Lilah Shorey, ’22, is a student at University of Washington. She is majoring in pre-social science and plans to apply for a political science major.
Q: Why did you choose to go to University of Washington?
A: Honestly, the reasons I chose it weren’t very academic. I was looking more for a place where I wanted to live long-term, and Seattle was a perfect fit for me. I prefer cold weather. It’s a big city. I knew I wanted to live in a city where it was colder, and I really looked into all those kinds of aspects when choosing the school.
I also made sure there were lots of things to do nearby like lots of restaurants and stuff so I would not get bored.
Washington’s a good school. They have a really good program for the major I am interested in and I thought it would be a good choice.
Q: What classes are you taking?
A: I’m taking Psych 101, Intro to American Politics and an art history class, which is like a Western survey. So it’s all Renaissance stuff.
Q: What is your favorite class?
A: My favorite class is Psych. I’ve been really interested in psychology, but I’ve never been able to take a class.
Q: Why did you pick your major?
A: I’m very interested in history, especially American history, but I didn’t want to be a history major.
In political science, you need to know a lot about history, especially American history, to understand the political system that we have in place right now. I want to do some actual change in the world, and I was thinking political science was probably my best bet for getting into politics and getting to learn about subjects I’m interested in.
Q: Are you participating in any clubs?
A: Yeah, I’m in two film clubs. One is Good Films. They have Jeopardy and fun stuff. The other one is where they only play bad movies, and so every Thursday I go and watch a terrible movie. It’s actually really fun.

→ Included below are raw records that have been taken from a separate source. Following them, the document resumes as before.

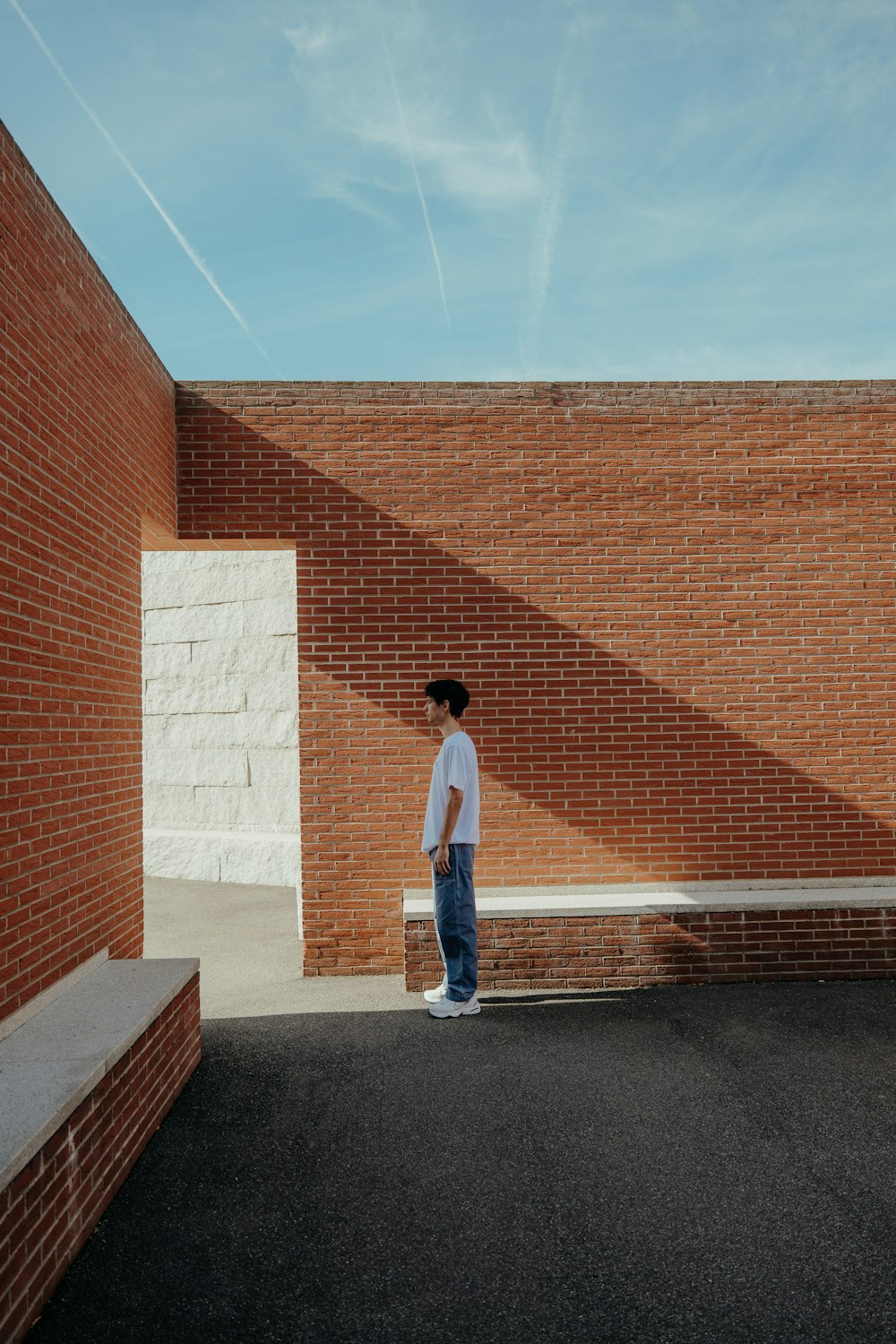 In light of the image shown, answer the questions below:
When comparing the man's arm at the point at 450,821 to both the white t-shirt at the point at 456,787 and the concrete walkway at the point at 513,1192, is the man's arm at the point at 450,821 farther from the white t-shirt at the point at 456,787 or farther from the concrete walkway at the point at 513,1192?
the concrete walkway at the point at 513,1192

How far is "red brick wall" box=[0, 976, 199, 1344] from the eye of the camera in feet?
8.00

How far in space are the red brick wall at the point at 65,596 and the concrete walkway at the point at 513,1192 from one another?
3.36 ft

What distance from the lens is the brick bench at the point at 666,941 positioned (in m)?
5.72

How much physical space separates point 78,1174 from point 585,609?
179 inches

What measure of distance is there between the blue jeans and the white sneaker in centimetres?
3

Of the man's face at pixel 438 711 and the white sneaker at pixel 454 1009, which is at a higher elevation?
the man's face at pixel 438 711

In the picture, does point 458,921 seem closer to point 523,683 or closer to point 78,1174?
point 523,683

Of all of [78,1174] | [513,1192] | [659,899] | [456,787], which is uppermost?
[456,787]

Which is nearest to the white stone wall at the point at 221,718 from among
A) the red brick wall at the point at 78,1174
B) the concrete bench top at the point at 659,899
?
the concrete bench top at the point at 659,899

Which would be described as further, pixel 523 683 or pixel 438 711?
pixel 523 683

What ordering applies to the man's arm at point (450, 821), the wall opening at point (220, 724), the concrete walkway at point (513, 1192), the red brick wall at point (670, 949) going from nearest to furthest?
the concrete walkway at point (513, 1192) < the man's arm at point (450, 821) < the red brick wall at point (670, 949) < the wall opening at point (220, 724)

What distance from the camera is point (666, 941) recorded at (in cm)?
579

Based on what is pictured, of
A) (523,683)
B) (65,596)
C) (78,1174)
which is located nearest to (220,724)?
(523,683)

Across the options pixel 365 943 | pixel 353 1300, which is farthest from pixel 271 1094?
pixel 365 943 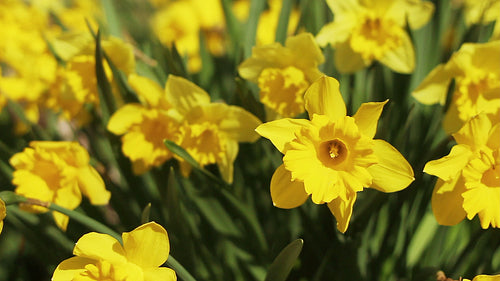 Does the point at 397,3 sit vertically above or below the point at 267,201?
above

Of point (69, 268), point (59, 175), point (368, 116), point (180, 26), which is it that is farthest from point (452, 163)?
point (180, 26)

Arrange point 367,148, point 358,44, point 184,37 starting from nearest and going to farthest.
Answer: point 367,148 → point 358,44 → point 184,37

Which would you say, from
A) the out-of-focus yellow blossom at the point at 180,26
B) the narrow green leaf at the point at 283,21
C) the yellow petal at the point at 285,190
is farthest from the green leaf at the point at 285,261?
the out-of-focus yellow blossom at the point at 180,26

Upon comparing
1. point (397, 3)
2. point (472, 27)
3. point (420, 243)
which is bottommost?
point (420, 243)

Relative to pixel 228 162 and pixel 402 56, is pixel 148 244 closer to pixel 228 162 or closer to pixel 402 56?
pixel 228 162

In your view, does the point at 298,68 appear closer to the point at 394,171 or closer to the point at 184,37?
the point at 394,171

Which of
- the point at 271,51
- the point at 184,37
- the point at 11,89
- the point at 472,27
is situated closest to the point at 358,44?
the point at 271,51

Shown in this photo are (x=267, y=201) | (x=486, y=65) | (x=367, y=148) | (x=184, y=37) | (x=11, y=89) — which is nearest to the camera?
(x=367, y=148)

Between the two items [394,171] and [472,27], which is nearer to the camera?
[394,171] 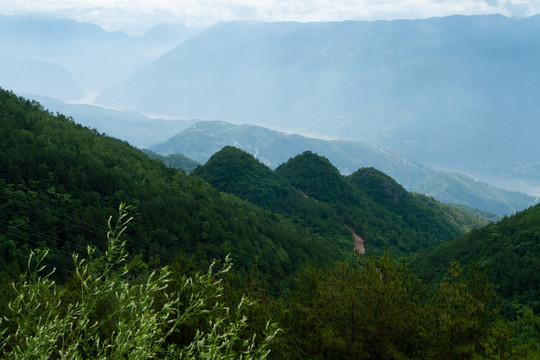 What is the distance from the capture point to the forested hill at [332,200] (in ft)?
271

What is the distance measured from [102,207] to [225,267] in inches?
1349

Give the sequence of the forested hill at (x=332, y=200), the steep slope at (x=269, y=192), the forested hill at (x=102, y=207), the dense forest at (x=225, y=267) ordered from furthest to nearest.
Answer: the forested hill at (x=332, y=200), the steep slope at (x=269, y=192), the forested hill at (x=102, y=207), the dense forest at (x=225, y=267)

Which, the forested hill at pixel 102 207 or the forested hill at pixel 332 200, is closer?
the forested hill at pixel 102 207

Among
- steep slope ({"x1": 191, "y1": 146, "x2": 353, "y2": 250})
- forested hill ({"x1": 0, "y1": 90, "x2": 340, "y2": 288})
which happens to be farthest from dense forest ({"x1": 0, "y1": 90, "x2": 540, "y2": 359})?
steep slope ({"x1": 191, "y1": 146, "x2": 353, "y2": 250})

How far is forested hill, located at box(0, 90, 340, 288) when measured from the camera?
33.0m

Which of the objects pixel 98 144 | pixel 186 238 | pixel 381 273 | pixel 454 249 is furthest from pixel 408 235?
pixel 381 273

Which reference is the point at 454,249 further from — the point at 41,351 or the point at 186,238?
the point at 41,351

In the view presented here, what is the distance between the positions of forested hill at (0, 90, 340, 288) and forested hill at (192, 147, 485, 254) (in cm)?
2273

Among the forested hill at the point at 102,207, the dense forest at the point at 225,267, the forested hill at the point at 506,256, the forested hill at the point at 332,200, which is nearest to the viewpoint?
the dense forest at the point at 225,267

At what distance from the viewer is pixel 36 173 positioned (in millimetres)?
38906

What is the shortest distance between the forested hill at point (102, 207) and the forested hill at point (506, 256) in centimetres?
1556

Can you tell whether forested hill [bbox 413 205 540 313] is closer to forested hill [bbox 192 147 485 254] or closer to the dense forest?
the dense forest

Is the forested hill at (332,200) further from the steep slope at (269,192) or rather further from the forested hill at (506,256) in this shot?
the forested hill at (506,256)

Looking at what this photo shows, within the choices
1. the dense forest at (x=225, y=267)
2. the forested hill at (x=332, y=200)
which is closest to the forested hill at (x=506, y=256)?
the dense forest at (x=225, y=267) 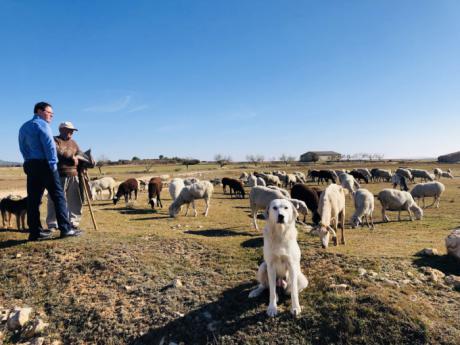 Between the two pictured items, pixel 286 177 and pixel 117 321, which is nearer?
pixel 117 321

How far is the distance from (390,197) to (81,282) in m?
15.1

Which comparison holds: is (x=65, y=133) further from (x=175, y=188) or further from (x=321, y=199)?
(x=175, y=188)

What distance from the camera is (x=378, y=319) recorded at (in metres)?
4.93

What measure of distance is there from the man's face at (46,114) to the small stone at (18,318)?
428 centimetres

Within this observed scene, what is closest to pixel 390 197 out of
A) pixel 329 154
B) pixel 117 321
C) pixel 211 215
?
pixel 211 215

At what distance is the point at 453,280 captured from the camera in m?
6.16

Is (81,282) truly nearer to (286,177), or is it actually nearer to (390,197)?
(390,197)

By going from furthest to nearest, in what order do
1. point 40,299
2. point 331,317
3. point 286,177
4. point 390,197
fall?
1. point 286,177
2. point 390,197
3. point 40,299
4. point 331,317

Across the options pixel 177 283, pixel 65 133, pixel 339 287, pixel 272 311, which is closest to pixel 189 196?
pixel 65 133

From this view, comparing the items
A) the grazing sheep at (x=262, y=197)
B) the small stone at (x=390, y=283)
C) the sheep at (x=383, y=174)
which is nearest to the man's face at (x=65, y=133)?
the grazing sheep at (x=262, y=197)

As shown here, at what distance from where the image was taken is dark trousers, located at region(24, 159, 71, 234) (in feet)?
23.6

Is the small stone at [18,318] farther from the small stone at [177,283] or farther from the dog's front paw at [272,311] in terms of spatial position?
the dog's front paw at [272,311]

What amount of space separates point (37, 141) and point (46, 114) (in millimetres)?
715

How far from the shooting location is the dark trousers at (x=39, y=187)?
7.20m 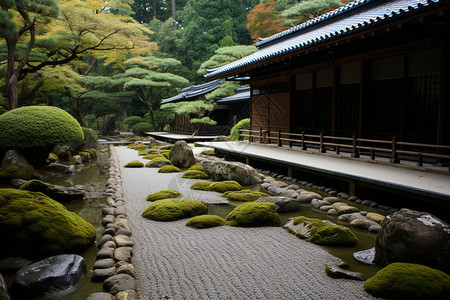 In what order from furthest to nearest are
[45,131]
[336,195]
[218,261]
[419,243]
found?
[45,131]
[336,195]
[218,261]
[419,243]

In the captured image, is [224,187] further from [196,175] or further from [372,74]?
[372,74]

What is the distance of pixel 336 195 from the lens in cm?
836

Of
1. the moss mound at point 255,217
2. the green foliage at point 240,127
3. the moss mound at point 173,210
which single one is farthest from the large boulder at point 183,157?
the moss mound at point 255,217

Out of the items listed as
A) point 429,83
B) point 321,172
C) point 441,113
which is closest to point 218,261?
point 321,172

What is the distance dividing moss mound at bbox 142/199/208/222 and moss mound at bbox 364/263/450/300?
12.0 ft

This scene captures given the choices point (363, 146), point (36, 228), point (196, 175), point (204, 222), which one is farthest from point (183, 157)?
point (36, 228)

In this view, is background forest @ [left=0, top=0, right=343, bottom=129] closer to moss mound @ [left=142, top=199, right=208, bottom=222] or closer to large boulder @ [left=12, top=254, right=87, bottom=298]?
moss mound @ [left=142, top=199, right=208, bottom=222]

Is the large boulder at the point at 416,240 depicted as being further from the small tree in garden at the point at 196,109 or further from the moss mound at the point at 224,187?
the small tree in garden at the point at 196,109

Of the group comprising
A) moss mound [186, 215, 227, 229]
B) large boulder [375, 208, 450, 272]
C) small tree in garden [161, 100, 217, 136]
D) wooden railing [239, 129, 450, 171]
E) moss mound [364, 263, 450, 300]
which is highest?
small tree in garden [161, 100, 217, 136]

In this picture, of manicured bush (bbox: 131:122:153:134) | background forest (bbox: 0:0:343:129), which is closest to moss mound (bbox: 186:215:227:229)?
background forest (bbox: 0:0:343:129)

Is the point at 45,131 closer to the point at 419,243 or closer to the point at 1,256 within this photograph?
the point at 1,256

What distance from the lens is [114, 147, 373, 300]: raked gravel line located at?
142 inches

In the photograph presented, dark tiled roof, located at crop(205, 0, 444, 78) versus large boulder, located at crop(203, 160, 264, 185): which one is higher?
dark tiled roof, located at crop(205, 0, 444, 78)

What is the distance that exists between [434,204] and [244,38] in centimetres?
4066
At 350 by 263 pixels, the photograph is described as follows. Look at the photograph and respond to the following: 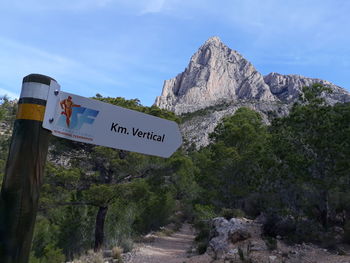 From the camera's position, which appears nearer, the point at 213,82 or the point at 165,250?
the point at 165,250

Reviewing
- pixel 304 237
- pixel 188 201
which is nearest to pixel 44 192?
pixel 304 237

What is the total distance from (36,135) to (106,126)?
408 mm

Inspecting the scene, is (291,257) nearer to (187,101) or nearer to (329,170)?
(329,170)

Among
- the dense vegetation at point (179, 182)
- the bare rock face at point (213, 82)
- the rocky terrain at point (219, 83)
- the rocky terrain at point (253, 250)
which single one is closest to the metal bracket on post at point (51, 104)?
the rocky terrain at point (253, 250)

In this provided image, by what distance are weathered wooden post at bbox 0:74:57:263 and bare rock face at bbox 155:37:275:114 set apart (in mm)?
101810

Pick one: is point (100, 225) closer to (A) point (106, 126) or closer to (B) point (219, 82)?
(A) point (106, 126)

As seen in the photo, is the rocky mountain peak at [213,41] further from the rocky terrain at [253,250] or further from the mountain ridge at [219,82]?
the rocky terrain at [253,250]

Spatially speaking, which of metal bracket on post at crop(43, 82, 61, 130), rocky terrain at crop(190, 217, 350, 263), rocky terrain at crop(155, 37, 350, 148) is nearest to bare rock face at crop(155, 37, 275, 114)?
rocky terrain at crop(155, 37, 350, 148)

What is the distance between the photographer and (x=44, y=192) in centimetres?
991

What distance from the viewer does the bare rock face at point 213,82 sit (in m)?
110

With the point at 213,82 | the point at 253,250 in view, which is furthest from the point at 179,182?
the point at 213,82

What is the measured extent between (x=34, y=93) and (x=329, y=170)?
11.2 m

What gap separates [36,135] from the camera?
1633 millimetres

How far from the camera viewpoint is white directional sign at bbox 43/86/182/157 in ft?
5.69
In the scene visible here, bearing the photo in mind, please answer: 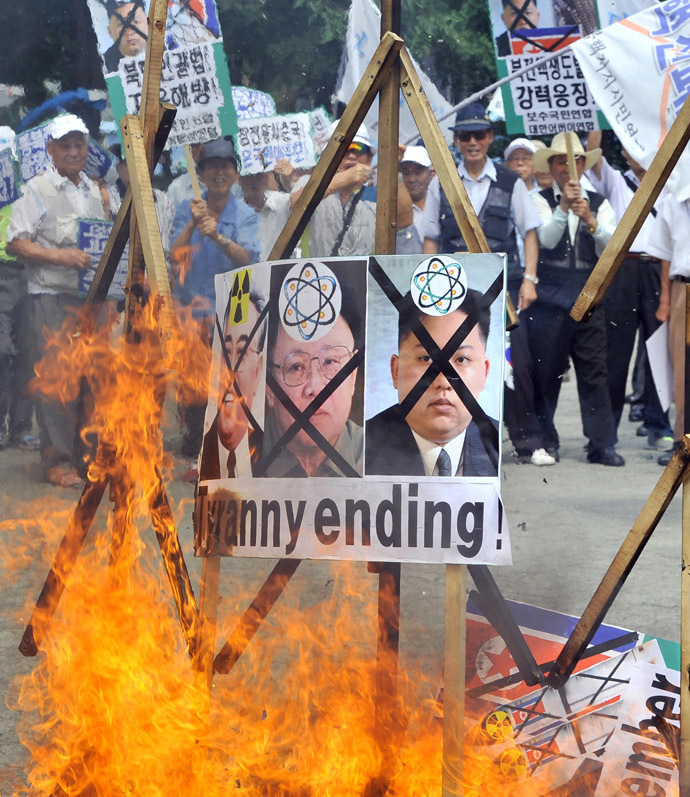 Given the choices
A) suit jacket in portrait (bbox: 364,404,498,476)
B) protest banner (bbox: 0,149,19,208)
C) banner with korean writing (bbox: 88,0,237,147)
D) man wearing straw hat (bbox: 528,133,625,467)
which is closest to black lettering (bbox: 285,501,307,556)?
suit jacket in portrait (bbox: 364,404,498,476)

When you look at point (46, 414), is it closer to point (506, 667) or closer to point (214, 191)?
point (214, 191)

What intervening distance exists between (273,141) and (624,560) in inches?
210

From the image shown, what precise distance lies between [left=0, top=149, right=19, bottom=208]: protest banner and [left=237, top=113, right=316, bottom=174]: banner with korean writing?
172cm

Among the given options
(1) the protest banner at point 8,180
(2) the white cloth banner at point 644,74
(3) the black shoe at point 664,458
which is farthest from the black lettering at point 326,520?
(1) the protest banner at point 8,180

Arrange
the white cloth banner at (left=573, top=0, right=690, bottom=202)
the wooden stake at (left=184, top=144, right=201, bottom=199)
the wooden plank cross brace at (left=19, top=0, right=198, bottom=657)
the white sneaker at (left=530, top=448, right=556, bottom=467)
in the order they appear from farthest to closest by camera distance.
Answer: the white sneaker at (left=530, top=448, right=556, bottom=467) → the wooden stake at (left=184, top=144, right=201, bottom=199) → the white cloth banner at (left=573, top=0, right=690, bottom=202) → the wooden plank cross brace at (left=19, top=0, right=198, bottom=657)

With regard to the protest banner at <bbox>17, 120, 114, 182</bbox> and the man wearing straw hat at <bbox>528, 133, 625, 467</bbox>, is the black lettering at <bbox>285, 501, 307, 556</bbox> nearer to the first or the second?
the protest banner at <bbox>17, 120, 114, 182</bbox>

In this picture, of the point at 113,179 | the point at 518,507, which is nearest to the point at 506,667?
the point at 518,507

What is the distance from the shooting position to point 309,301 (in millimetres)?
3033

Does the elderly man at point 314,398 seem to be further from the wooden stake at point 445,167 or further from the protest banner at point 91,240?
the protest banner at point 91,240

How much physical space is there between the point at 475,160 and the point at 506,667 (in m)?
4.70

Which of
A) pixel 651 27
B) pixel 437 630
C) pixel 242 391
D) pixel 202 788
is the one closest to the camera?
pixel 202 788

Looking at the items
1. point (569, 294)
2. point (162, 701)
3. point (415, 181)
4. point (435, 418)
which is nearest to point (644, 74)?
point (415, 181)

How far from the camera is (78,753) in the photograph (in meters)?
2.98

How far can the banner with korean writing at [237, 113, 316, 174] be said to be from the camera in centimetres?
749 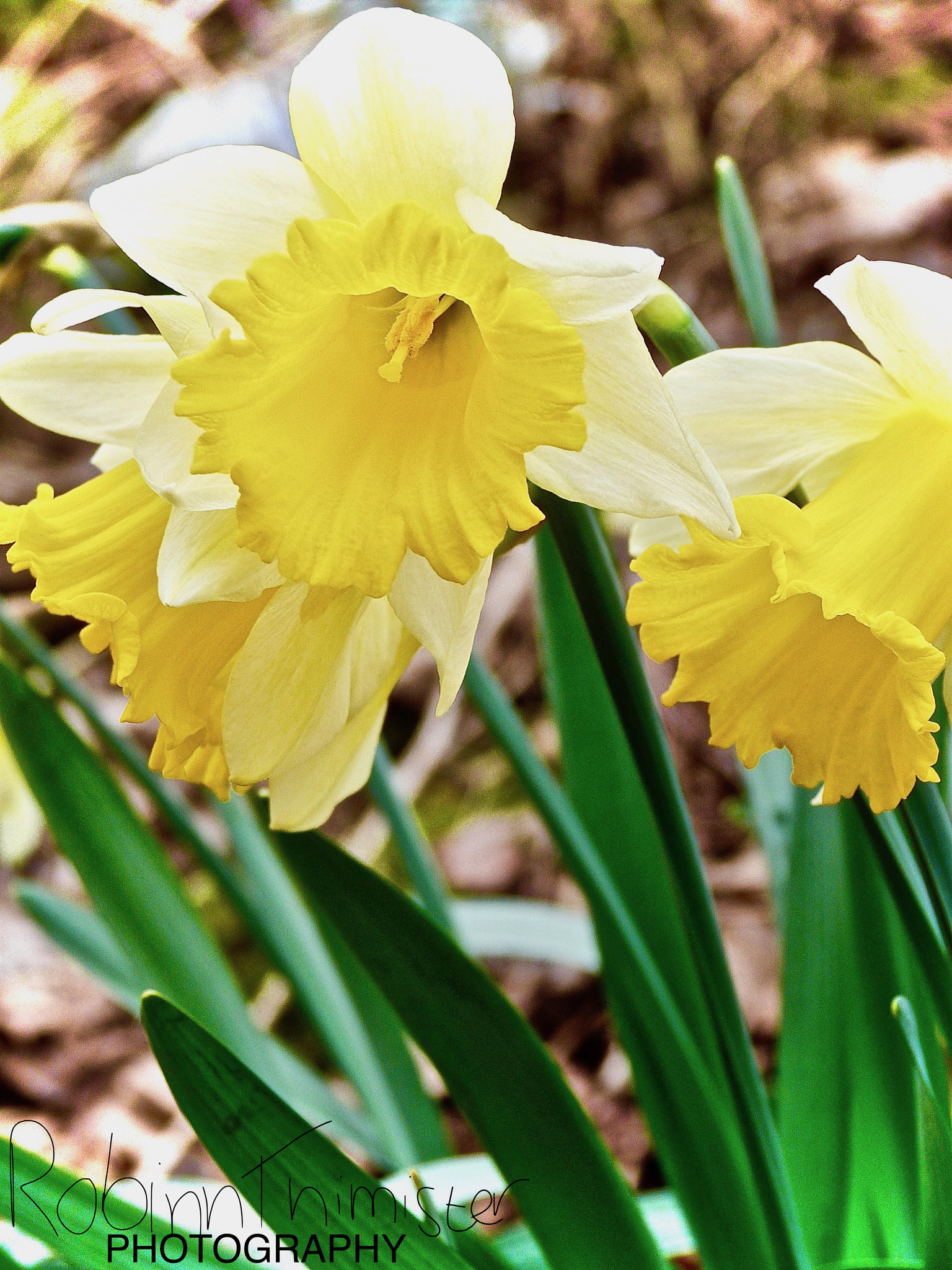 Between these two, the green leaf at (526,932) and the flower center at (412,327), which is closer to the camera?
the flower center at (412,327)

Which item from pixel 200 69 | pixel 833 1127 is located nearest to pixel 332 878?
pixel 833 1127

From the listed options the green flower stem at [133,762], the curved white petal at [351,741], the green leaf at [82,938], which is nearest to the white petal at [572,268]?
the curved white petal at [351,741]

Q: How do you like the college experience so far?
A: I absolutely love it. I immediately adjusted to it. I’m having the time of my life. I made friends pretty easily, and I spend most of my time hanging out with them since my classes don’t demand too much of me. I get to explore Seattle a lot and go out and hang out. It’s super fun. There’s so much to do here, and my time is never wasted.
Q: Is there anything that surprised you about this college?
A: I expected the food to be a little bit better. Going in, I saw that they had tons of options for food in the dining hall, and I was super excited. I was like “Oh, I’m never going to get bored of the food options!”
I was wrong. Everything is only open from 11 a.m. to 2 p.m., so that’s the only window you have if you want to get food. The only thing that is consistent is a sandwich shop that has burgers and chicken strips. I live off of chicken strips, which is definitely not going to sustain me for a long time.
Q: Do you work any part-time jobs?
A: Not yet, because I wanted to let myself ease into college, but I’m definitely thinking about it for future semesters. For the political science program, they have this opportunity to go and work in Olympia, the capital of Washington.
Q: How was the transition from Country Day to college?
A: It was really good. I think Country Day prepared me very well for college. College is actually much easier than I thought it would be, coming from Country Day. I felt really prepared overall, and it hasn’t been much of a shock or change.
Q: Do you have any advice for the class of 2023?
A: Just make sure you’re going somewhere you want to live. Also, check where the dorms are located. That’s one of the big issues for me.
There are two sides of campus, the West Campus and the North Campus. I chose to live on West Campus, which was a big mistake because it’s really dangerous, and I don’t feel comfortable walking back to my dorm at night. I would say make sure you know where the dorm is located, especially if you have different options of where the dorms are.
Just research and know who your roommates are beforehand because I know a bunch of people who are really unhappy with the situation now because they didn’t contact people before.